Certes, de premiers contrats ont été passés avec quelques propriétaires de maisons de repos (en Wallonie mais aussi en France). La solution est désormais déployées dans quelque 30 maisons de repos, côté Belgique francophone, mais cela ne suffit pas à alimenter la croissance ou simplement la rentabilité.
Les négociations avec les opérateurs en sont encore dans une phase préliminaire, avec quelques démos-test. Mais rien ne devrait se concrétiser avant minimum 9 mois.
Pour survivre à cette phase de lent démarrage commercial, la start-up a donc imaginé une solution intermédiaire, qui permette de prodiguer les mêmes services aux personnes âgées résidant dans des maisons de repos mais sans impliquer la (lente) vente de la solution numérique.
Et cette solution intermédiaire, c’est tout simplement… un journal papier personnalisé, qui sera produit spécifiquement pour chaque senior, avec les contenus envoyés par la famille ou les amis à la plate-forme Neveo.
Cette dernière se charge de la production du journal, acheminé chaque mois vers la maison de repos.

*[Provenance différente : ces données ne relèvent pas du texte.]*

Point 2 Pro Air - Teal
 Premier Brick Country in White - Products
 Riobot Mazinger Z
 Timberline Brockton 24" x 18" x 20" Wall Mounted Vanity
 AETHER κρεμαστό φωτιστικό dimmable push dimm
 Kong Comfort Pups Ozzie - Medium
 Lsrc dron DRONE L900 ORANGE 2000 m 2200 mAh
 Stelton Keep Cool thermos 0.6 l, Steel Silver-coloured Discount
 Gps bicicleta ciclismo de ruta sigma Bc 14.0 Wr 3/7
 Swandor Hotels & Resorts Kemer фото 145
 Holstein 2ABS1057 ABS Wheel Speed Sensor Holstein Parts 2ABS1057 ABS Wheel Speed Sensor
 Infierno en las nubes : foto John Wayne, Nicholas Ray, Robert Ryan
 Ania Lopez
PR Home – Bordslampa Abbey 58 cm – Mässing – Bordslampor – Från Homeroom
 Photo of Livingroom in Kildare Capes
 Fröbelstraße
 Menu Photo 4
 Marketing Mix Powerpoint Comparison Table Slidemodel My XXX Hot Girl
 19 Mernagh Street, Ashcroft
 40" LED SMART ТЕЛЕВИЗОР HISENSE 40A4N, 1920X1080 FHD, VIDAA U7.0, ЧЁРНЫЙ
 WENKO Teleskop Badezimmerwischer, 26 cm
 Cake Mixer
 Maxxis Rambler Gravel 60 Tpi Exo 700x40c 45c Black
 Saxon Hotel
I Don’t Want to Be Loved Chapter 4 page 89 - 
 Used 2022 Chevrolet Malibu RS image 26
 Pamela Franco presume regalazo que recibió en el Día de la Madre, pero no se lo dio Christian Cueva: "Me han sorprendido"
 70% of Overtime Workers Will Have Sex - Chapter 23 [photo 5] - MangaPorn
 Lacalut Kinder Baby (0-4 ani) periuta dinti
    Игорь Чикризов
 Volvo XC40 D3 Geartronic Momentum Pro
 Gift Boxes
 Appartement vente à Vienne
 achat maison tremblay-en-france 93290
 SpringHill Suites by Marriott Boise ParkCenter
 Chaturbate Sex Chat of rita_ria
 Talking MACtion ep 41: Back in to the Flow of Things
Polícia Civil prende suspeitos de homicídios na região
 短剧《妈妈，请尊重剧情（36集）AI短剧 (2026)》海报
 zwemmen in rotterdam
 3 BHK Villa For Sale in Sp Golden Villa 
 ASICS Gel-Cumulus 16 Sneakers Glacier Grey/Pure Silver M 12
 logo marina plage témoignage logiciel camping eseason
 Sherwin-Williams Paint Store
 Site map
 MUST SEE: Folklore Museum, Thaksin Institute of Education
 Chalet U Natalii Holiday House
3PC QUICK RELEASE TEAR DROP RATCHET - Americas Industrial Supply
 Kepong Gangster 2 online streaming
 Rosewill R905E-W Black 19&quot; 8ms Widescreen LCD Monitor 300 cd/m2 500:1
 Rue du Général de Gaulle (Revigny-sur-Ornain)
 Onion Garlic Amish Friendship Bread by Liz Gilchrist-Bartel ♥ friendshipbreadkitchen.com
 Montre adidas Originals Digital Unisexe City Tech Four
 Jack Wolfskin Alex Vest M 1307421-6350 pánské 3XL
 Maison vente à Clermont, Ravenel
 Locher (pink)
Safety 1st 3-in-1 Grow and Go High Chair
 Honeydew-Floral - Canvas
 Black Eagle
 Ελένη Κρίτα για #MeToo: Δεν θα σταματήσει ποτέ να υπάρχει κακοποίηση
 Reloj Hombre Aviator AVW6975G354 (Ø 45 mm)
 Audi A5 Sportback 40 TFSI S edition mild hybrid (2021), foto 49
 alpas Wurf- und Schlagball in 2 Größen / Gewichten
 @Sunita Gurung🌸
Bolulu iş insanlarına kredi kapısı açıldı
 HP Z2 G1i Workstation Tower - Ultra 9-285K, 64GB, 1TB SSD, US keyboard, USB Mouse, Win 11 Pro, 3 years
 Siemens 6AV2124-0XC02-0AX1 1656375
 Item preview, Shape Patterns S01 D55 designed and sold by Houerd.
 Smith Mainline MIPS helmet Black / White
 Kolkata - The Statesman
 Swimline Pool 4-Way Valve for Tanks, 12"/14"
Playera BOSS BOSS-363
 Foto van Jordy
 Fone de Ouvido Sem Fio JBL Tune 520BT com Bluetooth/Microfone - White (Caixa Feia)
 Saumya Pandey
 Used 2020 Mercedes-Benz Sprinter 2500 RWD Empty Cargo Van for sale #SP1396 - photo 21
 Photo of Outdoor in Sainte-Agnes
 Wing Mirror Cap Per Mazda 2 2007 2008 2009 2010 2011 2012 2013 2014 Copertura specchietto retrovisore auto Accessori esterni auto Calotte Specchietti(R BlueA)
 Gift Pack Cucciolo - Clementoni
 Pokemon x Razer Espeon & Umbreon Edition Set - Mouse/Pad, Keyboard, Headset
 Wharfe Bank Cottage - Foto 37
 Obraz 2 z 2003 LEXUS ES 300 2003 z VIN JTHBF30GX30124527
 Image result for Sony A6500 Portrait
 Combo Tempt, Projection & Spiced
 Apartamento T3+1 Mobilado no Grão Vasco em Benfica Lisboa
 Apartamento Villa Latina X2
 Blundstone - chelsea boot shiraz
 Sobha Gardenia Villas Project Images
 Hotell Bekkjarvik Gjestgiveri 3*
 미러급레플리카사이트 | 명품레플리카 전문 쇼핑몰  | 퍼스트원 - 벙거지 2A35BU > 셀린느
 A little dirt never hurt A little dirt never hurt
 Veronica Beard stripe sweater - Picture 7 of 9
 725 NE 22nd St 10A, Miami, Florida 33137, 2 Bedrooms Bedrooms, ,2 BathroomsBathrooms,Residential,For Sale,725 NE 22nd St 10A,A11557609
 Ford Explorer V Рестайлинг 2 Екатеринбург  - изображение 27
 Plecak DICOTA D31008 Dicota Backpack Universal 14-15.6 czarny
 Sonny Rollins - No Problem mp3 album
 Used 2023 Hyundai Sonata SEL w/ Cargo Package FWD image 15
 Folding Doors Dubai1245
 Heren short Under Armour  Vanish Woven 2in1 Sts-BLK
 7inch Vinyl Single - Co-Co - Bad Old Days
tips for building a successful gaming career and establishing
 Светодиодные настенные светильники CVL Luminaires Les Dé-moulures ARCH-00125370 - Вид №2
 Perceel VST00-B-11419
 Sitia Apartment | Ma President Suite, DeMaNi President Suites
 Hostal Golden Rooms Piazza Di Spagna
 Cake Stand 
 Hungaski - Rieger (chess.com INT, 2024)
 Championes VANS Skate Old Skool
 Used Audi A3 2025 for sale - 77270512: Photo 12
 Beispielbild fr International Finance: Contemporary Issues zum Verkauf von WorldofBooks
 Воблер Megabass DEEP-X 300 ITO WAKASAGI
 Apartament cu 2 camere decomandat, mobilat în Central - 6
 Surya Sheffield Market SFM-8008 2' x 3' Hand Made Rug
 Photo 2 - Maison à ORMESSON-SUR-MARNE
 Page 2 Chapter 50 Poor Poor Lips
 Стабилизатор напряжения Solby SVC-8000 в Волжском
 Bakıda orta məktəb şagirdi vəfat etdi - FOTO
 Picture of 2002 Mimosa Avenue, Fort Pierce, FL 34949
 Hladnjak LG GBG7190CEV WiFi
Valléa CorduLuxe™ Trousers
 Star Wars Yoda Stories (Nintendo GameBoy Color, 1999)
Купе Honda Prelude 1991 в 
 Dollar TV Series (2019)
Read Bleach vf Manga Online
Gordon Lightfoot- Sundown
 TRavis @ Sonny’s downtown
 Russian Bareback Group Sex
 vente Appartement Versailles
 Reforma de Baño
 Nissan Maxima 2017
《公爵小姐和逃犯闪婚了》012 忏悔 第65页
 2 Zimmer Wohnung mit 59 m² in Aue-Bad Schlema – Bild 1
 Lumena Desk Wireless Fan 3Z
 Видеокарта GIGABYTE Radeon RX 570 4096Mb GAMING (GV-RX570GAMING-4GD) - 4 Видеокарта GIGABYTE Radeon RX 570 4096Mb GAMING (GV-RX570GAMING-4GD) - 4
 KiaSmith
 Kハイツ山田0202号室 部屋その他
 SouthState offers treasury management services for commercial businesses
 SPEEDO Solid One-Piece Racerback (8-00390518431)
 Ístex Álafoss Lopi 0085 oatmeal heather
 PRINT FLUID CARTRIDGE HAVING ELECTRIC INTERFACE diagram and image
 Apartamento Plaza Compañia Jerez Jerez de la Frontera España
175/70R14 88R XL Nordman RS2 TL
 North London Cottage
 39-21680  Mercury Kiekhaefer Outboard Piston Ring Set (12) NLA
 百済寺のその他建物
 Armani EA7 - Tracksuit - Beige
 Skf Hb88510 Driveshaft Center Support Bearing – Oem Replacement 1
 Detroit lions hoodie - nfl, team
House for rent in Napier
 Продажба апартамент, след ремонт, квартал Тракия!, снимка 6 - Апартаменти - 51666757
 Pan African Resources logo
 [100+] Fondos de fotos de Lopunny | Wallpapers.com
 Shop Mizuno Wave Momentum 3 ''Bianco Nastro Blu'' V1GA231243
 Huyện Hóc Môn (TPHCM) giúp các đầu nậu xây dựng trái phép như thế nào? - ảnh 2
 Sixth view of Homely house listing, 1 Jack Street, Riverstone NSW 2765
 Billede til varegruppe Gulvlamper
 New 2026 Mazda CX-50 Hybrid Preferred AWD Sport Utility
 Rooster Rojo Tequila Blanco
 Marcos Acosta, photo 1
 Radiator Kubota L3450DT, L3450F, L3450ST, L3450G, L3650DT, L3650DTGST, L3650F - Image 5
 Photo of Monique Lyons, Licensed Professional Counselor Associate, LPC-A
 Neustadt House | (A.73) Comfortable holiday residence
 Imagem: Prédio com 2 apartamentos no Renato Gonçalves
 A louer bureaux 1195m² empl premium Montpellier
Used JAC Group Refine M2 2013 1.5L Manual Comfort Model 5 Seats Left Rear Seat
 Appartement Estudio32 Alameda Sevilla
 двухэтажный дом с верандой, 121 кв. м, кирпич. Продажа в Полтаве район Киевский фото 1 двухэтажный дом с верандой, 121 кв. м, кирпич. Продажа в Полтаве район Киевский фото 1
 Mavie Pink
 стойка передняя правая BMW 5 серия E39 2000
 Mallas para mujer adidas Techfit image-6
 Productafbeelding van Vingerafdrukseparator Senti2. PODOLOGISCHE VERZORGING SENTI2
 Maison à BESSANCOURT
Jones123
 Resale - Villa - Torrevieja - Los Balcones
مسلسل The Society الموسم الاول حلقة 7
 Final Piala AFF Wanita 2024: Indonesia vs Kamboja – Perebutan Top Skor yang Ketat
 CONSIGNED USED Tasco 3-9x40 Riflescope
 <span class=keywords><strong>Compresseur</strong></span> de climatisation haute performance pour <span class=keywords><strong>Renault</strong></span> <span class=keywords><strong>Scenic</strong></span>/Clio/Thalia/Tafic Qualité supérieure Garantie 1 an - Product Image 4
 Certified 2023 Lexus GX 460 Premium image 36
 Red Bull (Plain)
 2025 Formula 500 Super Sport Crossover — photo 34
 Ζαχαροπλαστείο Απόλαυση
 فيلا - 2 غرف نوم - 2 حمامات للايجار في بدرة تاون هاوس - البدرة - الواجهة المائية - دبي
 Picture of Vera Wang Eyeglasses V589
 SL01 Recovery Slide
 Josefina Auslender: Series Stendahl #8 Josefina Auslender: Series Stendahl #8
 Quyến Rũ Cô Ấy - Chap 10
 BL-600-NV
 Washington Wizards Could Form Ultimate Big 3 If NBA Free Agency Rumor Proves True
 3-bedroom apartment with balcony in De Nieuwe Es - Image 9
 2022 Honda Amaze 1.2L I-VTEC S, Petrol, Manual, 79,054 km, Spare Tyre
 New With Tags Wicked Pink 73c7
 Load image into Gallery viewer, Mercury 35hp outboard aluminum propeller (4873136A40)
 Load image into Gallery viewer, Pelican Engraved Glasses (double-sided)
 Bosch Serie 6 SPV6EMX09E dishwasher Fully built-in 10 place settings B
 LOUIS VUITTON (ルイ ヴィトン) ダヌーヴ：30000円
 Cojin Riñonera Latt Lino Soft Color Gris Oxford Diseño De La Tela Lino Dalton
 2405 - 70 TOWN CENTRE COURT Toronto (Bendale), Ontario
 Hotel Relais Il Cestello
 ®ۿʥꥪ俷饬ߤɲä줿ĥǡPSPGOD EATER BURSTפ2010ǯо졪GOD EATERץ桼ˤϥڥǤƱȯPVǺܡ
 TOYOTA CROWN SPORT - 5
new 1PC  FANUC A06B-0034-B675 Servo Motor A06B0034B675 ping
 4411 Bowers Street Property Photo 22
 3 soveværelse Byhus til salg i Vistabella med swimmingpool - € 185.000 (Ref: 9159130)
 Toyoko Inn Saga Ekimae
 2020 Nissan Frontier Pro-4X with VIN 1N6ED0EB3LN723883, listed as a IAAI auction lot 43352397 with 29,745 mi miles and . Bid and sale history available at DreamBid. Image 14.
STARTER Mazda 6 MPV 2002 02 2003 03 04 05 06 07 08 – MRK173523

Elle n’en oublie pas pour autant sa solution numérique mais temporise. Elle continue par ailleurs à la développer puisque, d’ici la fin 2016, les maisons de repos pourront utiliser l’application Neveo pour communiquer elles-mêmes avec la famille, envoyant des informations venant de leur nutritionniste, de la kiné, de l’infirmière, pour une information plus complète sur le vécu du senior qui y réside. Mais aussi pour informer l’entourage des activités que propose la maison de repos… “Traditionnellement, la direction d’une maison de repos n’a qu’une personne de contact par résident alors que l’entourage de ce dernier se compose de bien plus de personnes. Cela permettra de préserver des communications et des échanges avec davantage de membres de la famille.”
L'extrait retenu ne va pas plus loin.